The $16 million lawsuit brought by the trademark holder of NYC's Greenhouse nightclub was thrown out of court Monday. A judge stated that Brown and Drake had "no duty to the club to behave," especially since the fight occurred at the adjacent W.i.P nightclub, reports TMZ.
The lesson here: Even when celebrities like Chris Brown and Drake are behaving badly, it doesn't always amount to a legal injury.
Who Sued Drake and Brown?
This case is somewhat confusing because of the facts, but here are the basics:
So the generically named Entertainment Enterprises (EE) was the plaintiff in this $16 million case. And although the big throw-down between Drake and Chris didn't even occur on their property, EE felt their proximity to the conflict "cost them a lot of money," reports TMZ.

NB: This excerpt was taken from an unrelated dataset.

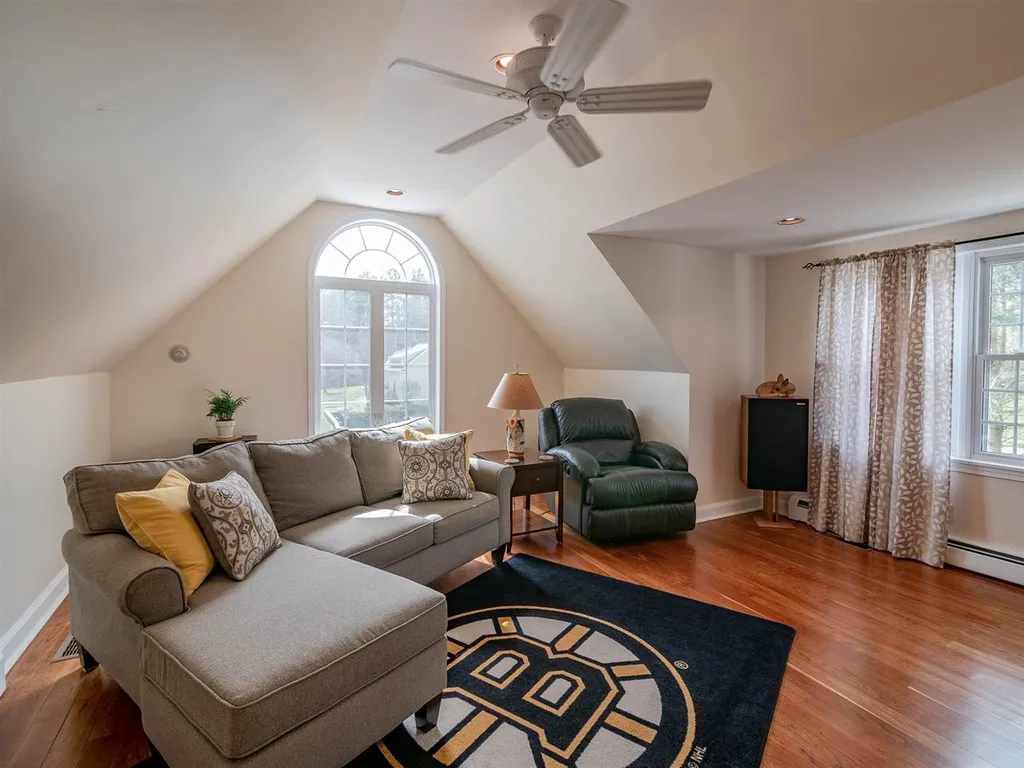 24 Sandown Road Chester NH 03036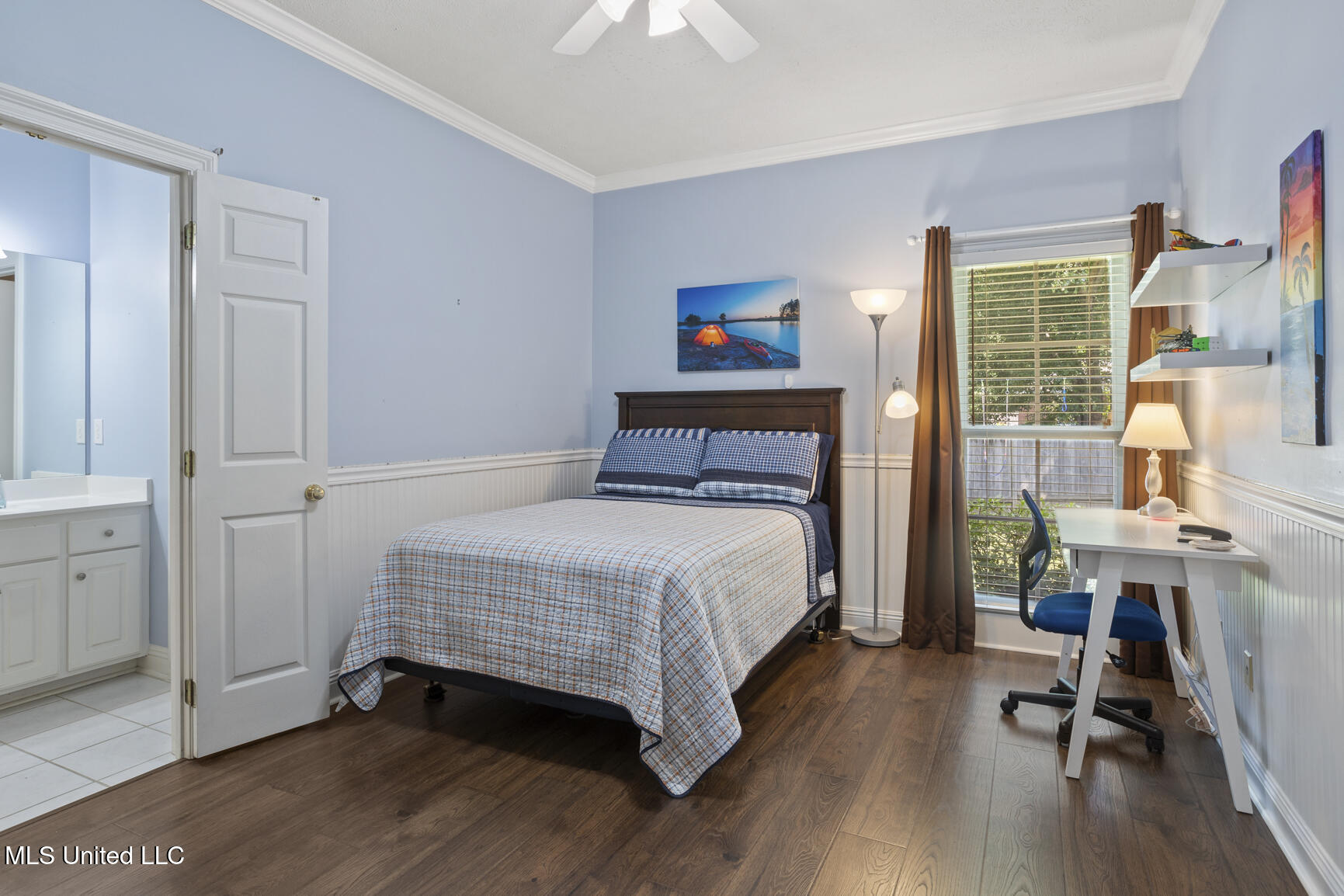 307 Hunters Crest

Trademark Holder's Interests
Legally speaking, trademark holders like EE hold the legal interest in a name, symbol, or "mark" which is used to distinguish a product or service from others and identifies its source.
EE's trademark in "Greenhouse" entitles it to sue for infringement or dilution of that copyright. But in this case, EE sued for gross negligence, claiming that a potential business deal was nixed after bad publicity from the fight hit the media.
No Clear Duty
Defendants who are found guilty of negligence must be found to have breached a duty to the plaintiff, which then caused that person some form of calculable damage.
Chris Brown and Drake may have caused damage and breached a duty to the W.i.P. nightclub during their glass-breaky bash, but there is no clear duty for Brown and Drake to protect EE from negative publicity, the judge ruled.
Additionally, the judge reminded EE that nightclub fights are not at all uncommon, so EE "can't just sue whenever a fight happens," reports TMZ.